(Thanks to glimmer for the tip)
(NipponCinema) The seven-member Japan Movie Producers Association has nominated Yuya Ishii’s The Great Passage to represent Japan in the Best Foreign Language Film category at the 86th Academy Awards. The selection makes 30-year-old Ishii the youngest director ever to represent Japan in the category.

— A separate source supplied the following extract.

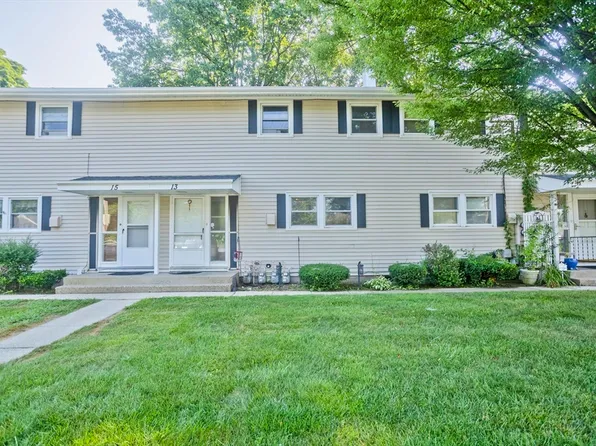 13 Applewood Dr, Chicopee, MA 01022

The film is based on Shion Miura’s novel Fune wo Amu which won the 2012 Honya Taishō (literally bookstore award) grand prize. Ryuhei Matsuda plays a salesman at Black Tortoise Bookstore who lands a job editing a massive 240,000-word dictionary due to his instinctive knack for lexicography. After falling for his landlady’s daughter Kaguya (Aoi Miyazaki), he’s tasked with coming up with a suitable definition for the word “love”.
Additional co-stars include Joe Odagiri, Haru Kuroki, Chizuru Ikewaki, Kaoru Kobayashi, and Naoki Matayoshi.
The film was released in Japan on April 13, 2013. It had a fairly brief, but respectable run at the box office for a live-action domestic film ($7M gross according to Box Office Mojo) and consistently gets 4 and 5 star ratings on Japanese sites with user and critic-submitted movie reviews.
The last Japanese entry to win the Oscar for Best Foreign Language Film was Yojiro Takita’s Departures (2008). Since then, nominees have included Ryoichi Kimizuka’s Nobody to Watch Over Me, Tetsuya Nakashima’s Confessions, Kaneto Shindo’s Postcard, and Yong-hi Yang’s Our Homeland.